Aim of the task: Every line below needs to be transcribed without alteration, and no image may be carried over.

Supplied data:
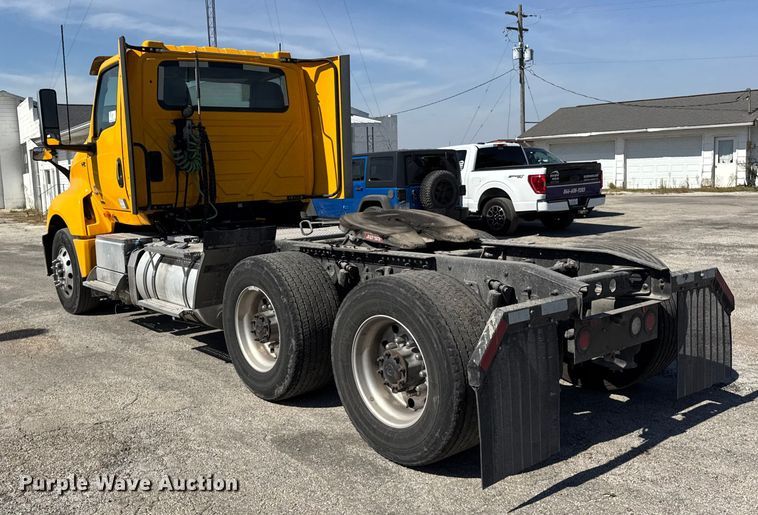 image for item EF2190 2021 International LT625 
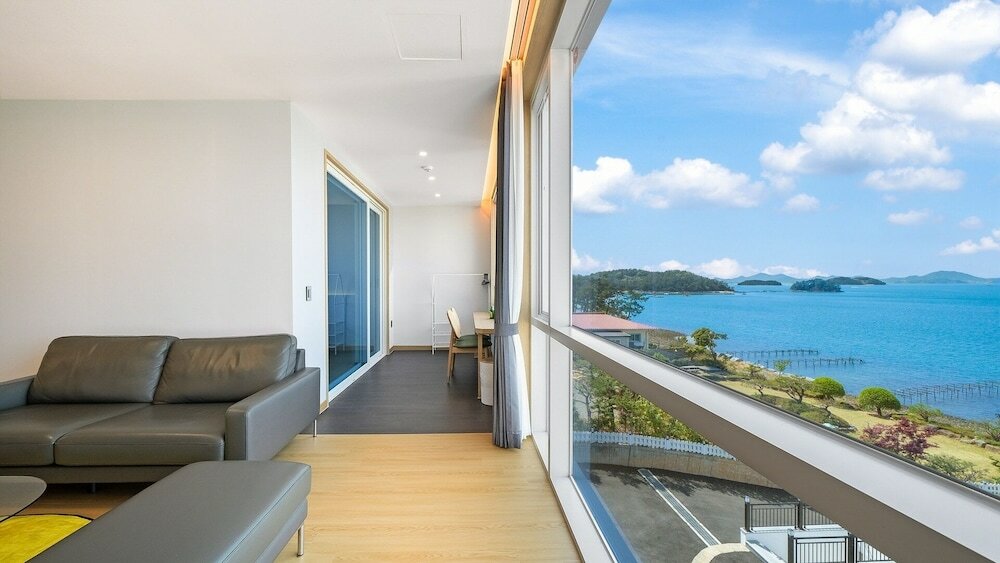 Фото Yeosu Riaeddo Poolvilla Pension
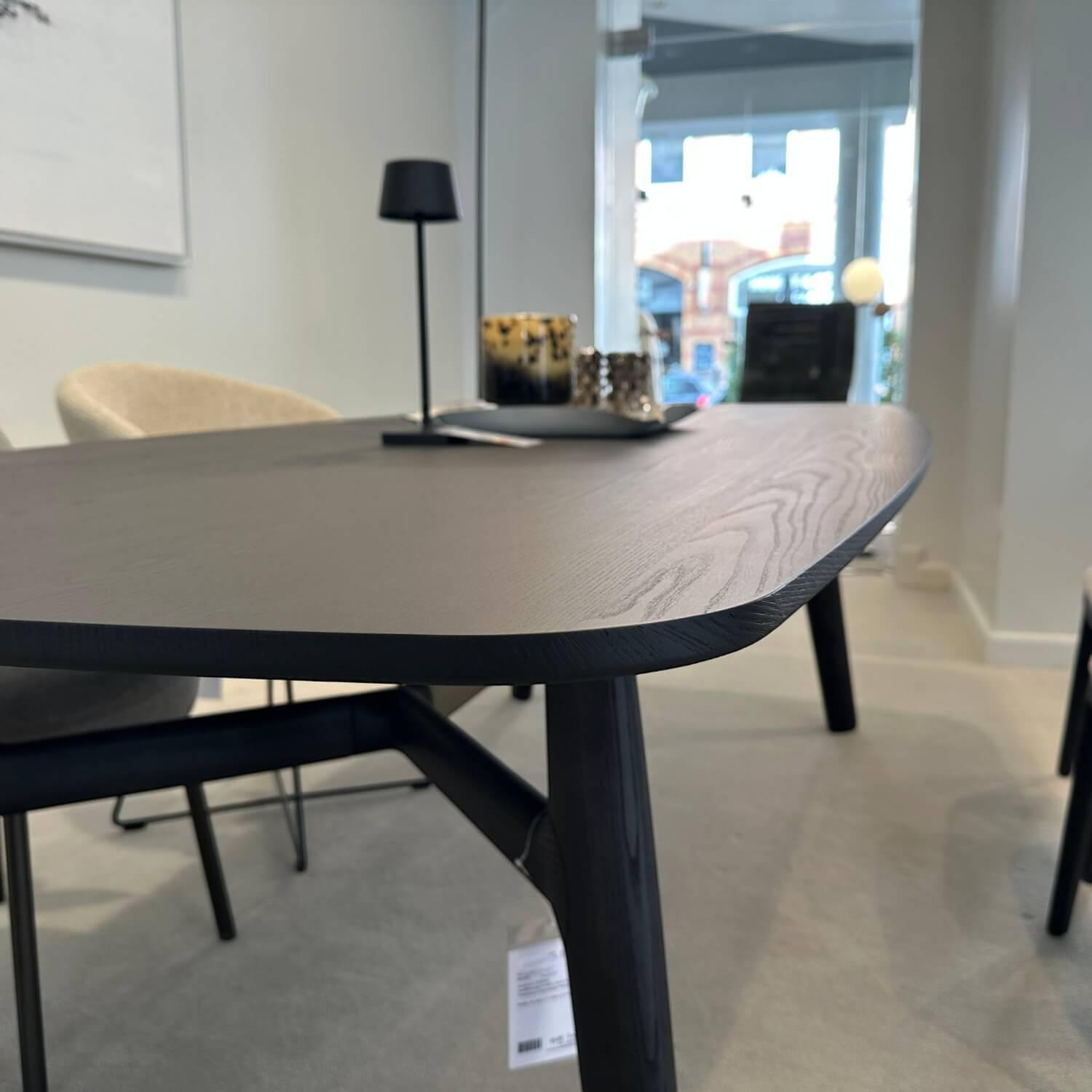 Poliform - Esstisch Curve Holz Ulme Schwarz mit Traverse in Kernleder Oliva - 2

Answer box:
 image for item EF2190 2021 International LT625 
 Фото Yeosu Riaeddo Poolvilla Pension
 Poliform - Esstisch Curve Holz Ulme Schwarz mit Traverse in Kernleder Oliva - 2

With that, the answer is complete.